I’ve been accepted as a mentor for the next AI Safety Camp. You can apply to work with me on the tiling problem. The goal will be to develop reflectively consistent UDT-inspired decision theories, and try to prove tiling theorems for them.

The deadline for applicants is November 17.

The program will run from January 11 to April 27. It asks for a 10 hour/week commitment.

I am not being funded for this.^[1] You can support my work on Patreon.

My project description follows:

Summary

The Tiling Agents problem (aka reflective consistency) consists of analysing when one agent (the “predecessor”) will choose to deliberately modify another agent (the “successor”). Usually, the predecessor and successor are imagined as the same agent across time, so we are studying self-modification. A set of properties “tiles” if those properties, when present in both predecessor and successor, guarantee that any self-modifications will avoid changing those properties.

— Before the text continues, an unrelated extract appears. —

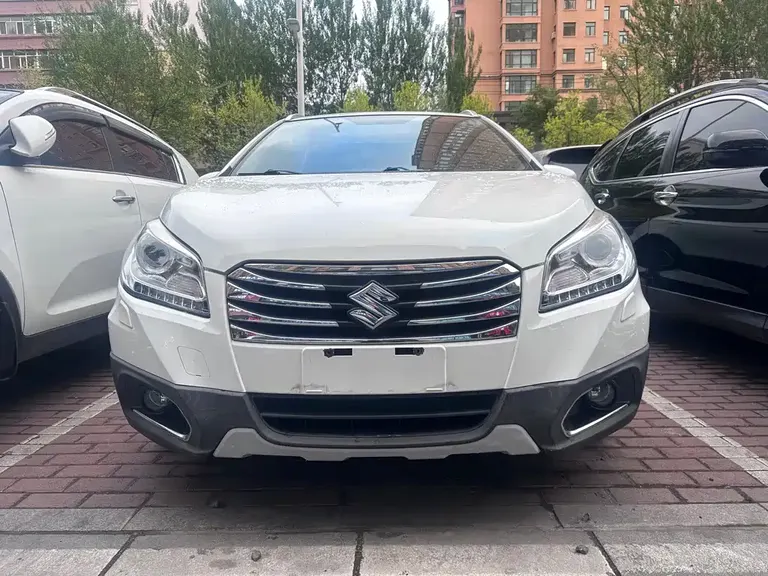 Suzuki S-Cross 1.6 L CVT 4 WD Distinguished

You can think of this as the question of when agents will preserve certain desirable properties (such as safety-relevant properties) when given the opportunity to self-modify. Another way to think about it is the slightly broader question: when can one intelligence trust another? The bottleneck for avoiding harmful self-modifications is self-trust; so getting tiling results is mainly a matter of finding conditions for trust.

The search for tiling results has four main motivations:

AI-AI tiling, for the purpose of finding conditions under which AI systems will want to preserve safety-relevant properties.
Human-AI tiling, for the purpose of understanding when we can justifiably trust AI systems.
AI-Human tiling, as a model of corrigibility. (Will AIs choose to interfere with human decisions?)
Tiling as a consistency constraint on decision theories, for the purpose of studying rationality.

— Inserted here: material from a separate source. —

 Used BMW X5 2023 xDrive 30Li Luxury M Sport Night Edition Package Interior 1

These three application areas have a large overlap, and all four seem important.

The non-summary

Motivation

In the big picture, tiling seems like perhaps the single most well-motivated approach to theoretical AI safety: it allows us to directly formally address the question of how humans can justifiably trust AIs. However, extremely few people are directly working on this approach. Indeed, out of all the people who have worked on tiling in the past, the only person I’m currently aware of who continues to work on this is myself.

I think part of this is about timelines. Tiling results remain very theoretical. I am optimistic that significant improvements to tiling results are possible with some focused attention, but I think there is a long way to go before tiling results will be realistic enough to offer concrete advice which helps with the real problems we face. (At least, a long way to go to yield “non-obvious” advice.)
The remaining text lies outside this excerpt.